The voyage was still a dream – though several years in the making – as he sat chatting to clients in his legal practice, half his mind faraway on the ocean. Approaching 40, Andrew felt a need to do something dramatic and testing before he embarked on life’s more standard journey of marriage and family.

To provide a focus, Andrew engaged with several sponsors, the main one being Reach IOM, a charity dedicated to helping young people overcome the social stigma of discussing mental health issues. Mindful Walks, run by the Manx Wildlife Trust, organises tours designed and led by guides who are trained ‘mind’ coaches. The challenge of a prospective 90 days alone on the ocean connected with these charities because the isolation and loneliness in the hostile environment of an ocean requires tremendous strength of mind. Scotty is not there to beam you up.

We waved Andrew bon voyage on the afternoon of December 8, 2020. Standing at Ponta da Piedade, I watched his tiny craft disappear. Thereafter, we followed his snail-like progress on his tracker, which also showed the weather he was battling. The journey to the Canaries was the worst part, with long cold nights, variable winds and potential danger within the busy shipping lanes.

In Andrew’s second week, he locked himself in his tiny refuge cabin for five days lying to his sea anchor while his craft completed a huge circle in angry adverse seas. When one of these small boats gets into big waves, they become unrowable and lie beam on across the waves – dangerous and uncomfortable. A sea anchor is like a half metre diameter canvas umbrella on a long piece of rope you attach to the stern and this ‘anchor’ holds the boat stern on to the sea, which is more comfortable.

Gradually Andrew learned to use the elements and forecasts to progress south towards his first goal. He reached the Canaries on January 14; he was within sight of a haven offering a hot bath, ice cream and pizzas, but managed to resist the siren call and row on. Why? Because he knew that his inamorata Lucy would be waiting for him in Barbados over three thousand miles away.

Once past the Canaries, the warm trade winds and west going current made life easier, but one still needs to apply effort to the oars in a boat weighing nearly a ton (despite its carbon construction). The average speed rarely tops two knots at which rate all manner of ocean life attaches to the bottom, requiring a regular dip and dive with a scrubber among whatever marine companions are around.

The routine of the day is dictated by the weather and waves. Solar power charges the batteries required to run the water-maker, providing fresh water for dehydrated food cooked on a tiny one-burner gas cooker. Favourite meals were green chicken curry and macaroni cheese with a supply of chocolate and breadsticks for bad weather. This diet coupled to the constant exercise, saw him remain the same weight but somewhat change his physique. Surprisingly he suffered no problems with his hands – or backside! – during his 4,600-mile journey.
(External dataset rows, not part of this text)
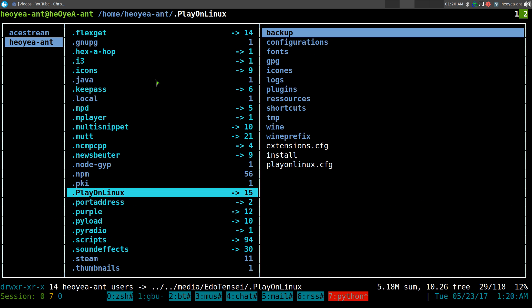All right, this one's going to be on fixing some shortcut issues with PlayOnLinux. So if you made a new user or maybe you have a new hard drive and you're trying to set up your old PlayOnLinux files and folders and everything that you had before, and you just want to drag and drop it in there.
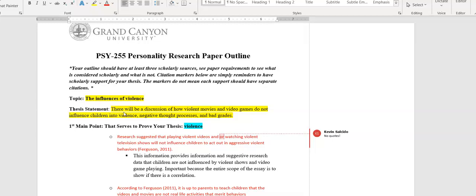In this example, there will be a discussion about how violent movies and video games do not influence children into violence, negative thought processes, and bad grades. If your three subtopics were like narcissism, bipolar, and schizophrenia, your thesis would be: there will be a discussion about three common mental illnesses, and then you would list them.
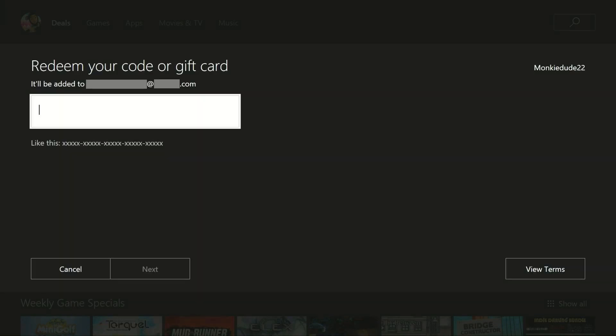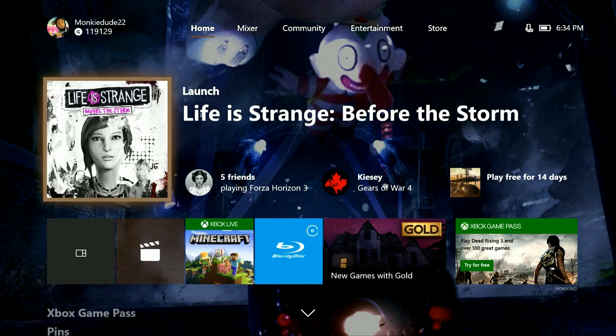Right here it's going to show you — all you need to do is type in that code, and then go ahead and click next to continue. Now alternatively, you can also do this on Xbox.com. I'll go ahead and show you how to do that as well.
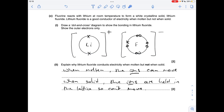Why does lithium fluoride conduct electricity when molten but not when solid? It's all to do with the mobility of the ions — not the electrons, the ions. When it's molten the ions can move, but when it's solid the ions are held in the lattice so they can't move.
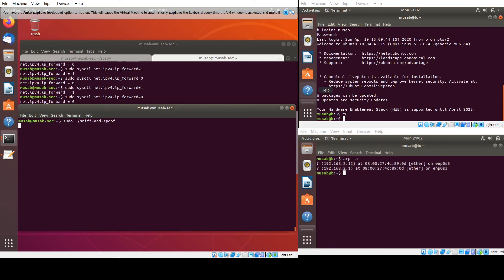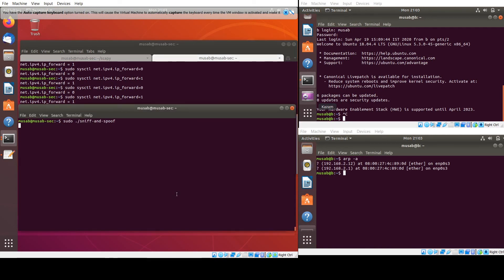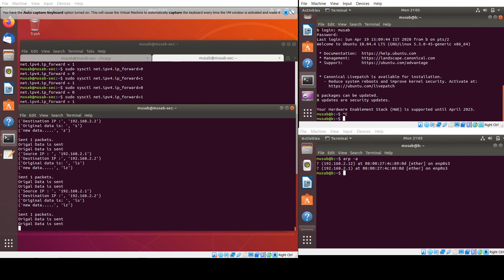Let's run the script now. We turn off forwarding of the packet and type 'ls' in Telnet. It has been changed to 'lz' — the original data was 'ls' and the new data is 'lz'. So 's' has been changed to 'z', confirming the MITM data modification is working.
Andrew arrived in Port St. Charles, Barbados, after 98 days, during which time he had had no human contact. He stepped ashore and straight into Lucy’s arms feeling very wobbly. “Legs went. Head went. Very confused and it was very overwhelming.”

What were his thoughts on completing this amazing personal journey?
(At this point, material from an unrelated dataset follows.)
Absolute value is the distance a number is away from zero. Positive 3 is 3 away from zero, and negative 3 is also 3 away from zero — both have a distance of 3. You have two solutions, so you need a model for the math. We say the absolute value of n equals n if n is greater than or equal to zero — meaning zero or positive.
“It has reaffirmed the importance of living in the now. Forgive your past and remember that what you do today determines your tomorrow. It also made me realise the impermanence of all things, including the people in our lives. Nothing lasts forever and can be taken from us at any time, without warning. I have a newfound appreciation for so many things I had taken for granted, such as showers, fridges and freezers, taps and toilets. Sometimes we forget about everything we have and instead obsess over the things we want. I found myself thinking how difficult it must be for some people, every day of their lives, because of a disability of some kind.”

With an ocean of experience behind him, Andrew now feels ready to give full attention to his clients.